The Incomplete Healing Process of Stage IV Cancer

I saw a screening of a beautiful documentary the other day about a young man who, during a remote hike, came across a bear carcass in a barrel. Curious by nature, he poked the bear with his pocket knife only to find the barrel was sitting on a live wire. The man was electrocuted and ultimately lost a hand, parts of his chest and his skull. During a long and arduous recovery, the doctors found evidence of testicular cancer, so he had to undergo chemo on top of having to learn to navigate his life with a new and very changed body.

After the screening,  I approached the young man because what resonated with me was how much gratitude and how much grief was in his story. He had piles of love and people who stayed by his side nursing him back to physical and emotional health. And obviously he had suffered incredible loss. I asked him about his grief process and how he deals with those types of feelings, if and when they come up.

He started to answer, most of his response focusing on the village of love that has gotten him to where he is now. But then he stopped and looked at me. “The thing is,” he said, “It could be worse. I mean, I don’t have cancer anymore.”

He had no idea that the person standing in front of him does have cancer. Not that it would have altered his response although it might have.

It got me thinking about the traumas of stage iv cancer. They are not single or even double life altering events that you get to heal. Healing is rarely complete, rarely whole. Healing is typically just enough until the next trauma comes along. And by trauma, I mean surgery, new treatment, bad test result. Anything that feels like a chipping away at the you you have come to know.

Of course, the real you, the essence that is uniquely yours, can never get taken away by anyone or anything. Not even cancer. But through the physical and emotional struggles with this thing, I am not always clear enough to express my unique essence. I don’t always feel lucid or well. And most of the time I am fighting to heal just enough so my body can handle the next medical obstacle course coming down the pike.

There are those moments of wholeness though, where, despite the daily pain or discomfort, I feel life force energy guiding me along. I can self express and am energized by self connection and connection to others. I try not to harp on the fact that those moments are so fleeting, because they are. I prefer to take them as tiny blessings I can soak up. Of course, I am not always good at doing that, especially with the knowledge of how this works.

Last week, a pre-operative nurse told me to stay positive when I admitted I was nervous about getting brain surgery. Naturally, I wanted to punch her in the nose. Plus I don’t agree that staying positive is the answer to any of my problems.

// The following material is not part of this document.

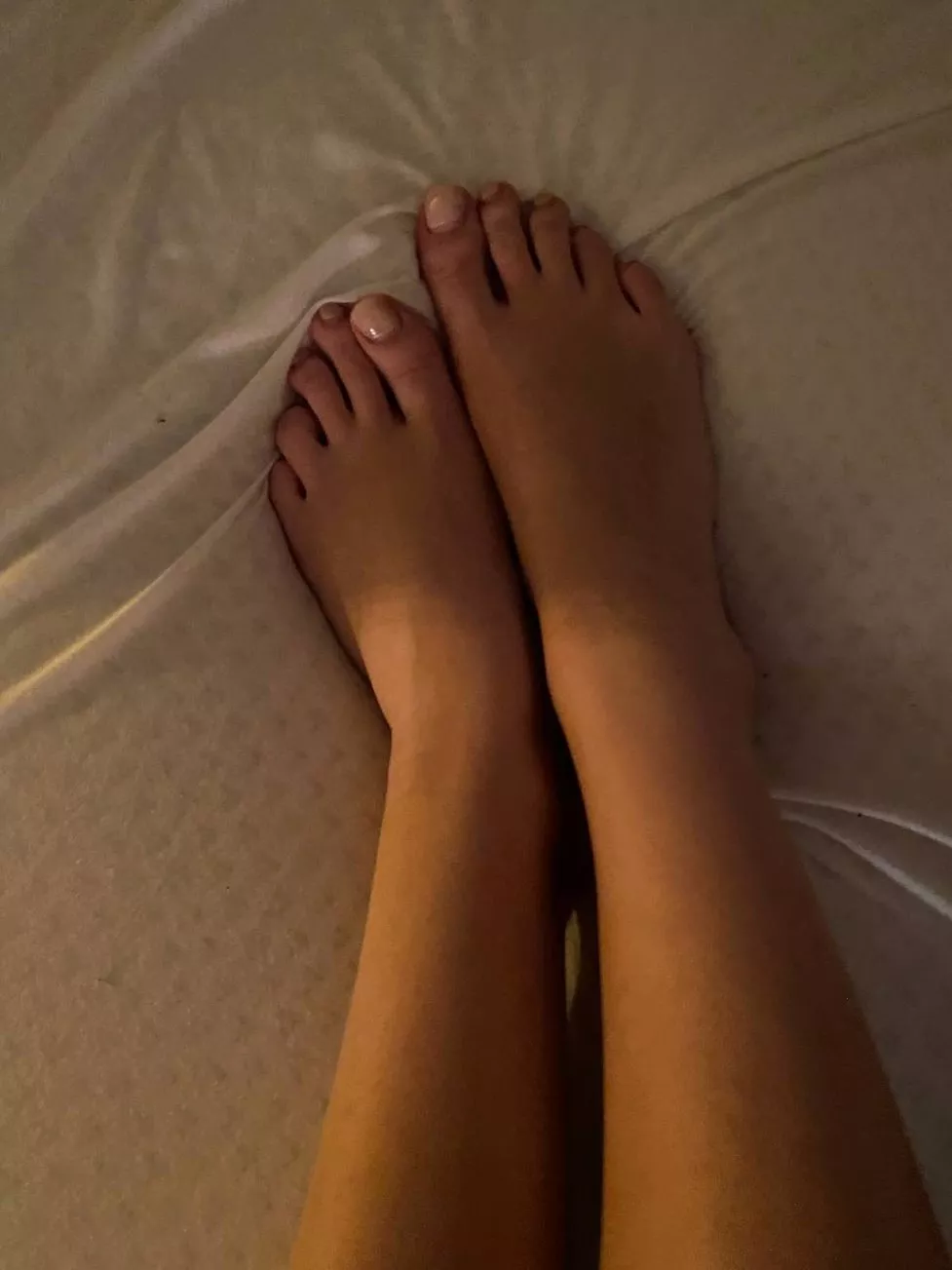 Pretty hippy feet posted by TwinkleTulip_7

Stay here, stay aware in the moment, stay authentic, even if it means being a negative whirlwind. Stay open and listen. Because for me, forcing a version of nervous positivity closes me off to hearing things I might really need to hear. Blanket “I’m fines” don’t allow me to see people reaching out to support me. And without that, I am shutting out an opportunity for gratitude. It is in this space where profound healing and presence is available. Gratitude. Where essences brush up against each other.